O3fs (Hadoop compatible)

The Hadoop compatible file system interface allows storage backends like Ozone to be easily integrated into Hadoop eco-system. Ozone file system is an Hadoop compatible file system.

Currently, Ozone supports two scheme: o3fs:// and ofs://. The biggest difference between the o3fs and ofs,is that o3fs supports operations only at a single bucket, while ofs supports operations across all volumes and buckets and provides a full view of all the volume/buckets.

Setting up the o3fs

To create an ozone file system, we have to choose a bucket where the file system would live. This bucket will be used as the backend store for OzoneFileSystem. All the files and directories will be stored as keys in this bucket.

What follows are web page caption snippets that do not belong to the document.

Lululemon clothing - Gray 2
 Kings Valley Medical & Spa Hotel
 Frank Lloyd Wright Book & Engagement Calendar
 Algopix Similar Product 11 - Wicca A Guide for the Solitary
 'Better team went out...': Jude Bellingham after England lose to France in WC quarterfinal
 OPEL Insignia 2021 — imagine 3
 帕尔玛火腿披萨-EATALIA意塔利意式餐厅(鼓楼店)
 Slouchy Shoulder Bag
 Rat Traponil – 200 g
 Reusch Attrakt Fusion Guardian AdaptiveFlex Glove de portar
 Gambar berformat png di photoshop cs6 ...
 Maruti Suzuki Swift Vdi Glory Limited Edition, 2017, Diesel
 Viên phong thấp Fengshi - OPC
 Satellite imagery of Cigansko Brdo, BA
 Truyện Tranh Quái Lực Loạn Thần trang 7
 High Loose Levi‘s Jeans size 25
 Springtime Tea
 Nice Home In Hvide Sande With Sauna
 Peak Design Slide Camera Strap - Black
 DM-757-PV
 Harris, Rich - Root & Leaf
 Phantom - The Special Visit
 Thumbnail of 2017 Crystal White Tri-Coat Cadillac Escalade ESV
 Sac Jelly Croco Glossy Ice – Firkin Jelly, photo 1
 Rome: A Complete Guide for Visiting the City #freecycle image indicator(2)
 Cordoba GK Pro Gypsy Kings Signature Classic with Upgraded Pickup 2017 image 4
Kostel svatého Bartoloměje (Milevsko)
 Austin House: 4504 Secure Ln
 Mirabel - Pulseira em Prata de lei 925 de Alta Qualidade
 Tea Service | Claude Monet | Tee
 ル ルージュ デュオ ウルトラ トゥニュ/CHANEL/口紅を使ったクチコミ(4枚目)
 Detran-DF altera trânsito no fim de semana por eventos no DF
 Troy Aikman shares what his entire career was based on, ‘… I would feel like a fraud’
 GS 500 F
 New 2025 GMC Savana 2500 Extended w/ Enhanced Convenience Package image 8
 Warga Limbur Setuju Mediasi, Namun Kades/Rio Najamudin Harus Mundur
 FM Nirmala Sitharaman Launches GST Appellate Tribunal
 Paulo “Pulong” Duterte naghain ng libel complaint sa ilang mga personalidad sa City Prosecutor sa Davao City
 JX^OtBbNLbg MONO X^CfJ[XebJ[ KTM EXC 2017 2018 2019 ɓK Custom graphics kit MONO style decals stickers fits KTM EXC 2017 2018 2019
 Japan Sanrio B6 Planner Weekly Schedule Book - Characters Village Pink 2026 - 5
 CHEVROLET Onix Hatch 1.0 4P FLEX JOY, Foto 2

Please run the following commands to create a volume and bucket, if you don’t have them already.

  1. ozone sh volume create /volume
  2. ozone sh bucket create /volume/bucket

Once this is created, please make sure that bucket exists via the list volume or list bucket commands.

Please add the following entry to the core-site.xml.

  1. <property>
  2. <name>fs.AbstractFileSystem.o3fs.impl</name>
  3. <value>org.apache.hadoop.fs.ozone.OzFs</value>
  4. </property>
  5. <property>
  6. <name>fs.defaultFS</name>
  7. <value>o3fs://bucket.volume</value>
  8. </property>

Tip: For the OM HA cluster, you need to specify the ozone service id. For example, if ozone.om.service.ids = ozone1, then the URL is o3fs://bucket.volume.ozone1. For non-HA, it can be o3fs://bucket.volume.

This will make this bucket to be the default Hadoop compatible file system and register the o3fs file system type.

You also need to add the ozone-filesystem-hadoop3.jar file to the classpath:

  1. export HADOOP_CLASSPATH=/opt/ozone/share/ozone/lib/ozone-filesystem-hadoop3-*.jar:$HADOOP_CLASSPATH

(Note: with Hadoop 2.x, use the ozone-filesystem-hadoop2-*.jar)

Once the default Filesystem has been setup, users can run commands like ls, put, mkdir, etc. For example,

  1. hdfs dfs -ls /

or

  1. hdfs dfs -mkdir /users

Or put command etc. In other words, all programs like Hive, Spark, and Distcp will work against this file system. Please note that any keys created/deleted in the bucket using methods apart from OzoneFileSystem will show up as directories and files in the Ozone File System.

Note: Bucket and volume names are not allowed to have a period in them.

Moreover, the filesystem URI can take a fully qualified form with the OM host and an optional port as a part of the path following the volume name. For example, you can specify both host and port:

  1. hdfs dfs -ls o3fs://bucket.volume.om-host.example.com:5678/key

When the port number is not specified, it will be retrieved from config key ozone.om.address if defined; or it will fall back to the default port 9862. For example, we have ozone.om.address configured as following in ozone-site.xml:

  1. <property>
  2. <name>ozone.om.address</name>
  3. <value>0.0.0.0:6789</value>
  4. </property>

When we run command:

  1. hdfs dfs -ls o3fs://bucket.volume.om-host.example.com/key

The above command is essentially equivalent to:

  1. hdfs dfs -ls o3fs://bucket.volume.om-host.example.com:6789/key

Note: Only port number from the config is used in this case, whereas the host name in the config ozone.om.address is ignored.